Friday, December 26, 2014

Norman Wilkinson: Sea, Sky and Other Stuff

Norman Wilkinson (1878-1971) was a master poster artist (I wrote about that aspect of his career here). He also carved out noteworthy careers in other fields of art, especially painting marine and naval scenes. His Wikipedia entry is here and another link sketching his work is here.

Below are examples mostly of his marine and naval paintings. Unless he was commissioned to feature a particular ship, his sea paintings featured a lot of water and sky, whereas ships, land and other objects usually occupied small amounts of art canvas real estate.
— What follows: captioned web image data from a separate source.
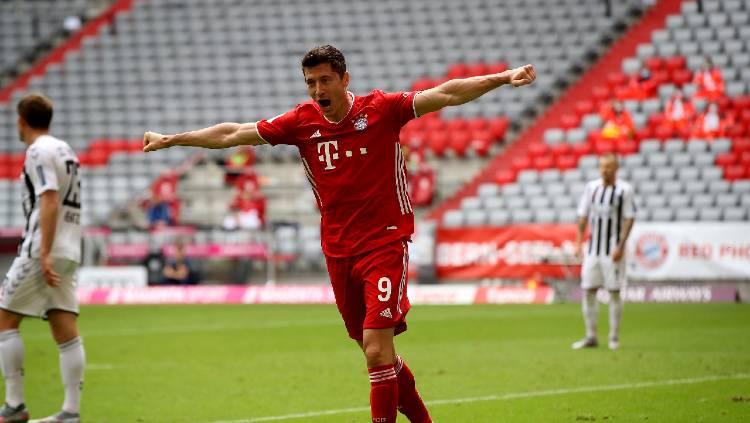 Robert Lewandowski tengah merayakan golnya dalam pertandingan Bayern Munchen vs Freiburg, Sabtu (20/06/20). Copyright: Alexander Hassenstein / Getty Images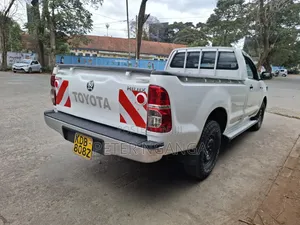 Toyota Hilux 2014 Off white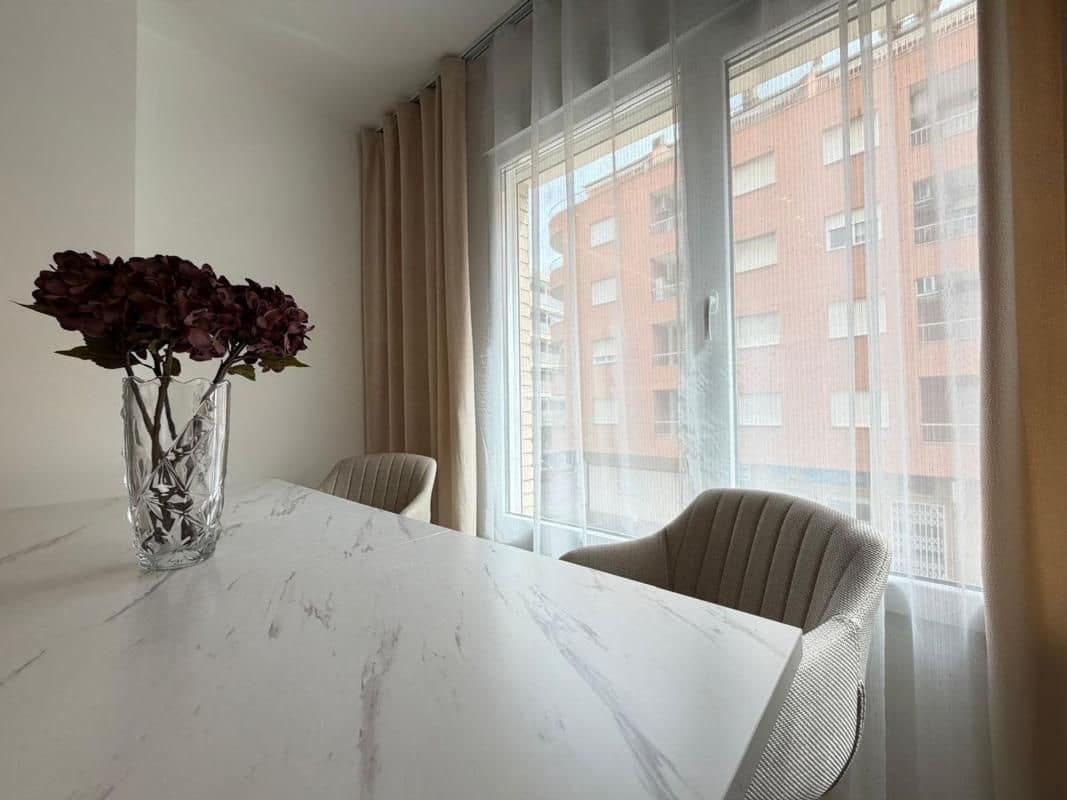4 bedroom Apartment for sale in Torrevieja - € 285,000 (Ref: 10043169)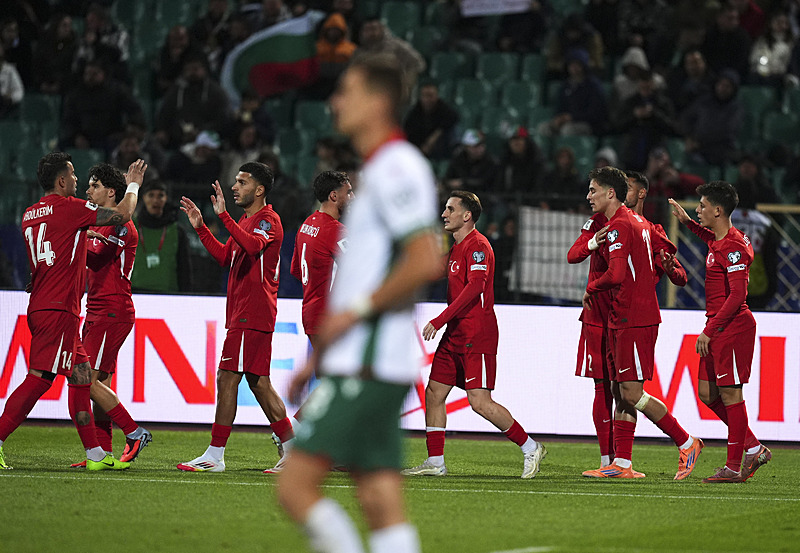 Milli takımımızın zaferi Komşu’yu karıştırdı! İşte Bulgaristan’da atılan manşetler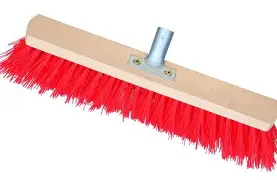 2483 FINLAND Щетка тротуарная 400мм деревянный черенок 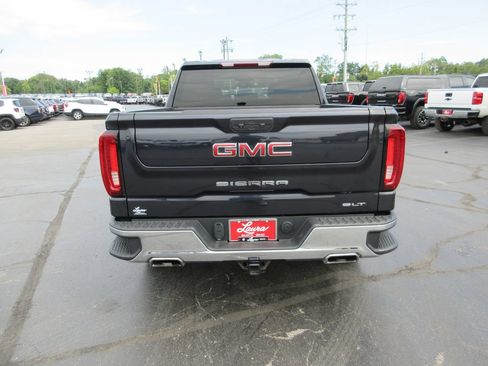 Used 2022 GMC Sierra 1500 SLT w/ SLT Premium Package AWD/4WD image 6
That seems sensible, given the visual vastness of oceans and seas -- something Wilkinson was intimately familiar with, having served in the Royal Navy.

Gallery

Scene with ships
This exhibits a poster style, but I don't know if it was actually used for a poster.
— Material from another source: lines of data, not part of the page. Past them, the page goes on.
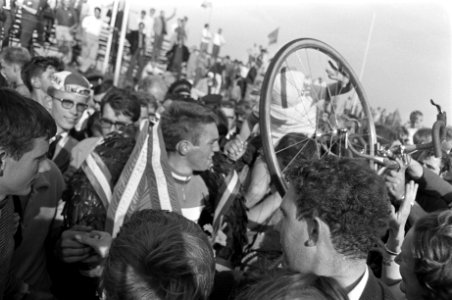 Nederlandse Kampioenschappen Wielrennen op de weg voor amateurs te Beek. Huldigi, Bestanddeelnr 920-5511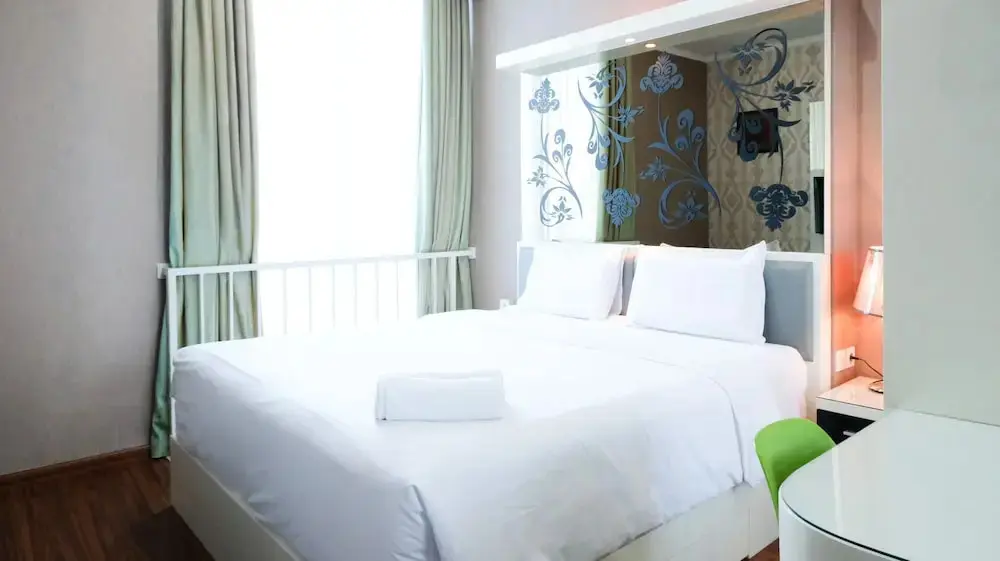 Сурабая: Luxurious 2Br At The Via And The Vue Ciputra World Apartment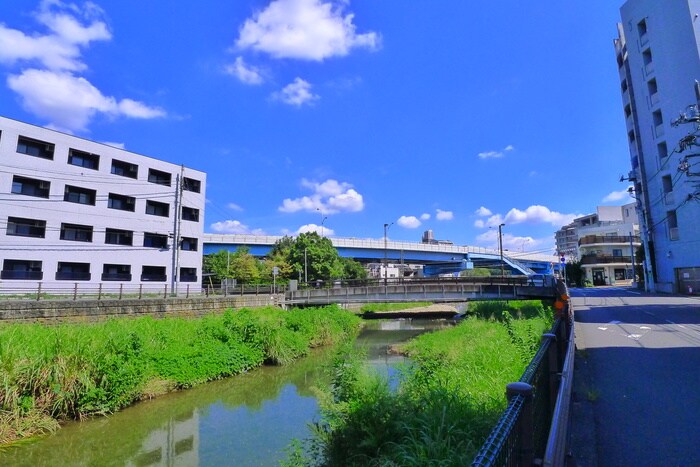 物件外観写真5　(周辺環境)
Yachts off the Needles, Isle of Wight
A contrasting, more painterly style.

The 'Revenge' Leaving Plymouth to Meet the Armada - 1912
This is an illustration.

Hawker Harts of 601 Squadron - c. 1936
The sky is vast and the Harts are small.

The Pilot
Nowadays, pilot boats are usually a lot bigger and fancier than this.

Dublin and Holyhead - 1905
This is a poster illustration for the London and North Western Railway. I include it here because the style is closer to his marine paintings than the style he usually used for posters.

HMS 'Lion' Battlecruiser
This has a poster-like style.  Lion was Admiral Beatty's flagship at Dogger Bank and Jutland.  I'm guessing that this painting shows Lion on the way to her 1924 scrapping.
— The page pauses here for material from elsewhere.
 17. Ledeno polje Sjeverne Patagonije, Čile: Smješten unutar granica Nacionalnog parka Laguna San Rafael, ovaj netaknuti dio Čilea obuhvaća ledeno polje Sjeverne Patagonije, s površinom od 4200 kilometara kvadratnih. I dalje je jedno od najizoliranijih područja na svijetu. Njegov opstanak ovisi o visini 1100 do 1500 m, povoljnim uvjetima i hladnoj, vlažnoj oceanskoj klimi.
Fitting Out RMS 'Queen Mary' at Clydebank - 1936

HM Troopship 'Queen Mary' at Anchor in the Second World War
Thanks to her high speed, the Queen Mary was in little danger of being torpedoed by a German submarine.  Her companion Queen Elizabeth went straight to troopship duties before ever carrying commercial passengers.

Action off the River Plate, 13 December 1939, Pursuit of the 'Graf Spee'
The commerce-raider Graff Spee was a heavily armed large cruiser (and not really a "pocket battleship," as she was called at the time).  She was finally hunted down by three British cruisers and damaged to the point where her captain had her scuttled.

Japan Signs Her Own Death Warrant, Attack on Pearl Harbour, 7 December 1941

Coronation Review, 15 June 1953
I'm sorry to say that the next coronation review probably won't be as impressive as this one was.

1 comment:

Hels said...

Happy holidays to you!

Fitting Out RMS Queen Mary at Clydebank (1936) is impressively detailed and historically important, but the two I actually prefer are The Pilot and the very atmospheric Isle of Wight.